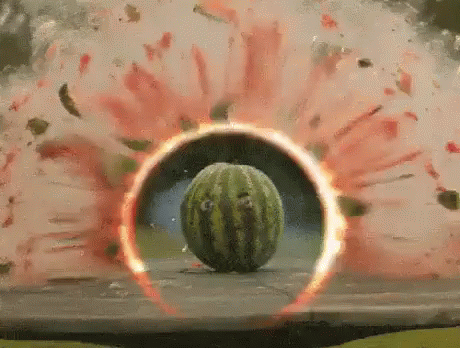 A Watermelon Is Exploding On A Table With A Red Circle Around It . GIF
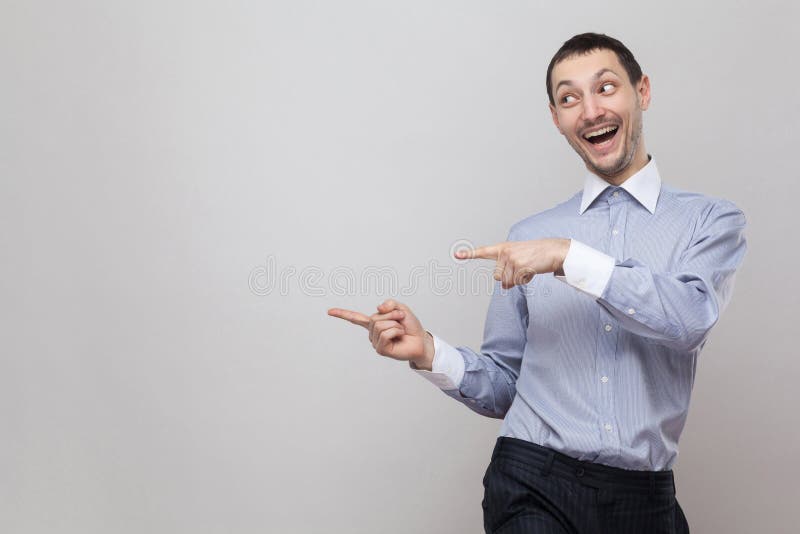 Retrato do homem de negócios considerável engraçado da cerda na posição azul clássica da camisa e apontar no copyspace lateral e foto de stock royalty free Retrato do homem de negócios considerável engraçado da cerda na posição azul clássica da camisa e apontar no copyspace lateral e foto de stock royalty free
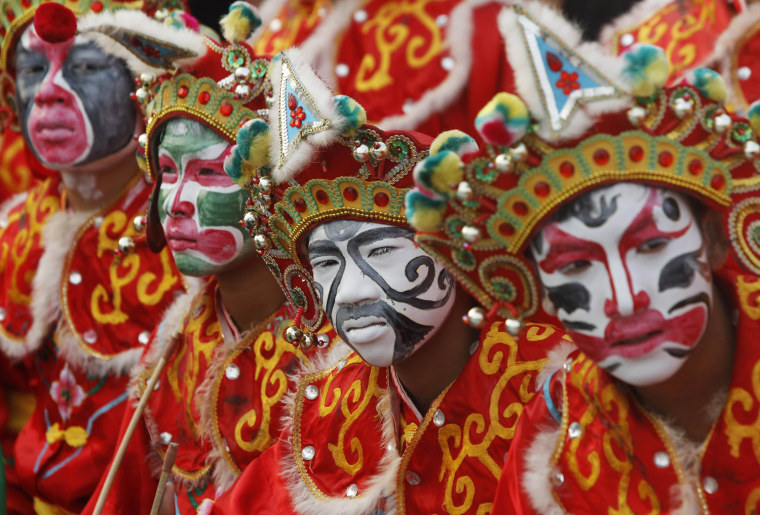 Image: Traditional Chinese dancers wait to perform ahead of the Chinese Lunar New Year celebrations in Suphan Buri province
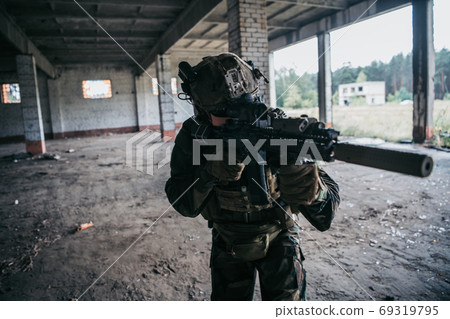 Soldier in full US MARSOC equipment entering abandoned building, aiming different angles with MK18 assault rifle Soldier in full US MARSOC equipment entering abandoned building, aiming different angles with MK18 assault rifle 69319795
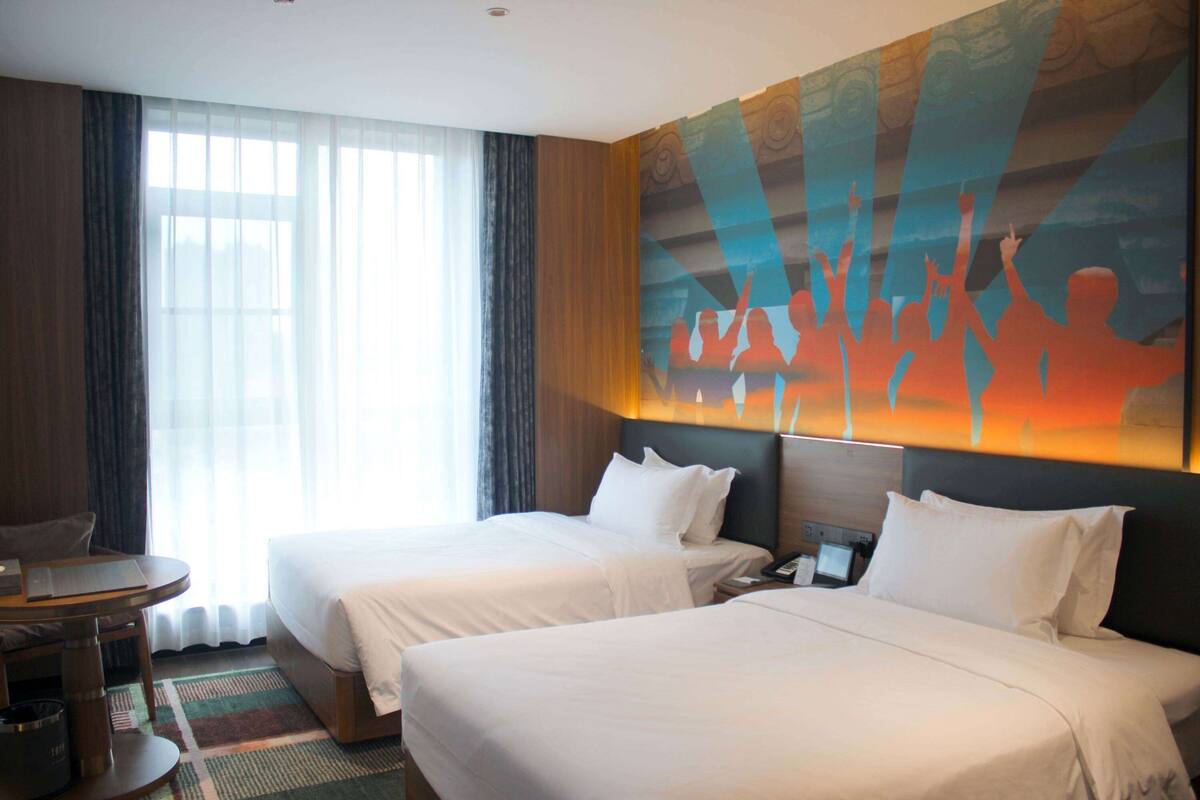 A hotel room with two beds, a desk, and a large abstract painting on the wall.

===============

What is expected → Your task is to repeat the entries above exactly, omitting the pictures.

Result for this exercise →
 A Watermelon Is Exploding On A Table With A Red Circle Around It . GIF
 Retrato do homem de negócios considerável engraçado da cerda na posição azul clássica da camisa e apontar no copyspace lateral e foto de stock royalty free Retrato do homem de negócios considerável engraçado da cerda na posição azul clássica da camisa e apontar no copyspace lateral e foto de stock royalty free
 Image: Traditional Chinese dancers wait to perform ahead of the Chinese Lunar New Year celebrations in Suphan Buri province
 Soldier in full US MARSOC equipment entering abandoned building, aiming different angles with MK18 assault rifle Soldier in full US MARSOC equipment entering abandoned building, aiming different angles with MK18 assault rifle 69319795
 A hotel room with two beds, a desk, and a large abstract painting on the wall.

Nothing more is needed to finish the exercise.